What is the Fondaco dei Turchi?
The Fondaco dei Turchi is a 13th-century palace that once served as a storehouse and mosque for Turkish traders, and which now holds the city’s Natural History Museum.
Fondaco dei Turchi History
From the Iberian Peninsula to Asia, across North Africa and the Middle East, for over a thousand years you could find wayside stations for travellers to rest. In Spain and Iran, they were called caravanserai from the Persian blend of trading caravan and saray, meaning palace. In urban centres, they were more than just a roof over your head but grand stables, warehouses, and offices. Known as han in Turkish, the word derived from the Middle Persian khan, as used in Syria, meaning house, highlighting how merchants lived in them too. Wherever they may be, these wayfarers inns and warehouses were often built as squares or rectangles with a courtyard in the middle and a fountain in its centre. In Cairo, they were referred to as wikala, but more often than not the Arabic speaking world, especially in North Africa, called these important buildings funduq. It’s from the Arabic that the Venetians took their word for merchant ghettos, notably the Fondaco dei Tedeschi for Germanic traders and the Fondaco dei Turchi for Ottoman traders.
The Fondaco dei Turchi was not a true funduq however. It was originally constructed as a palace in the early 13th century by Giacomo Palmier. In 1381, the Venetian Republic bought the buildings for the Dukes of Ferrara and used the palace as a residence for visiting dignitaries until 1621. Originally, it would have therefore followed a Veneto-Byzantine design with a two-storey arcade on the front and narrow, deep rooms behind.
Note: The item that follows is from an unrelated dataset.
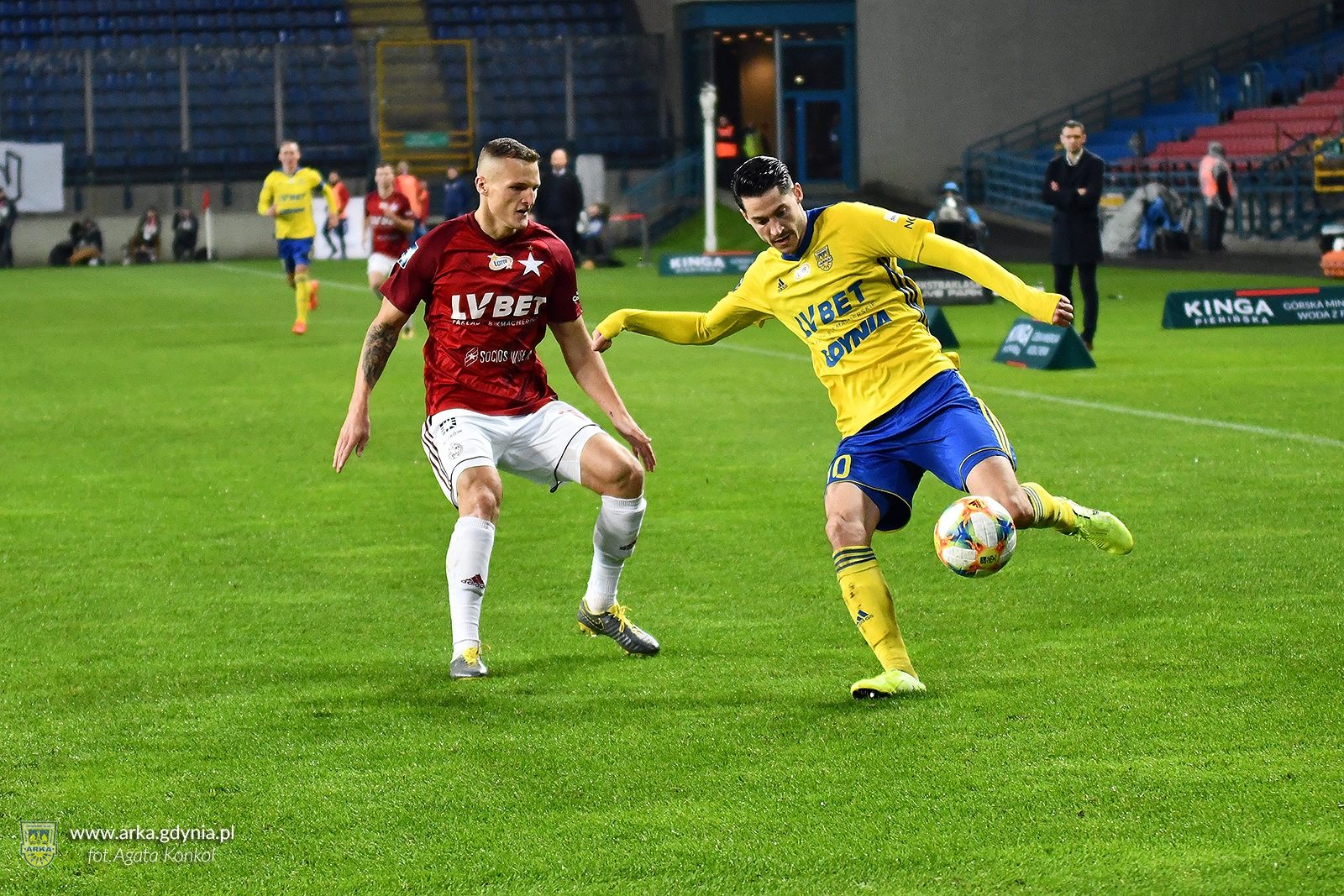 Statystyka meczu Wisła - Arka Gdynia-image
As a Venetian structure, there was of course no need for stables, but a ground-floor portico for loading and unloading merchandise instead. What we can see today is in fact a 19th-century facelift, adding the ornamentation and towers on the façade to give it a neo-Gothic look whilst stripping the interior to create an internal courtyard which better suits a traditional funduq (though the well-head is an attractive 11th-century example). After the renovation, deplored by 19th-century English art critic John Ruskin, the building housed the Museo Correr collection and now is the Natural History Museum of Venice.
Nevertheless, the building still speaks to an extraordinary time of cross-cultural encounter. Between 1621 and 1838, Turkish traders lived and stored their wares here whilst participating in the bustling Venetian market. Muslims freely came and went during the day and prayed in a mosque inside. At night the fondaco was locked, both to keep their goods safe and so the Venetian authorities could keep an eye on them. Ottoman traders exchanged textiles, spices, wax, and jewels as well as ancient manuscripts and the latest news. Venetians had trading outposts too across the Ottoman Empire with a large diplomatic presence in Constantinople (modern-day Istanbul). It’s buildings like the Fondaco dei Turchi that remind us that the history of the Mediterranean was more than a clash of civilisations, cultures, or religions, but that myriad interactions occurred full of prosperity and prejudice, fear and fascination; and that those everyday interactions were mainly cordial coexistence. Venice was the mercantile entrepôt and social melting pot.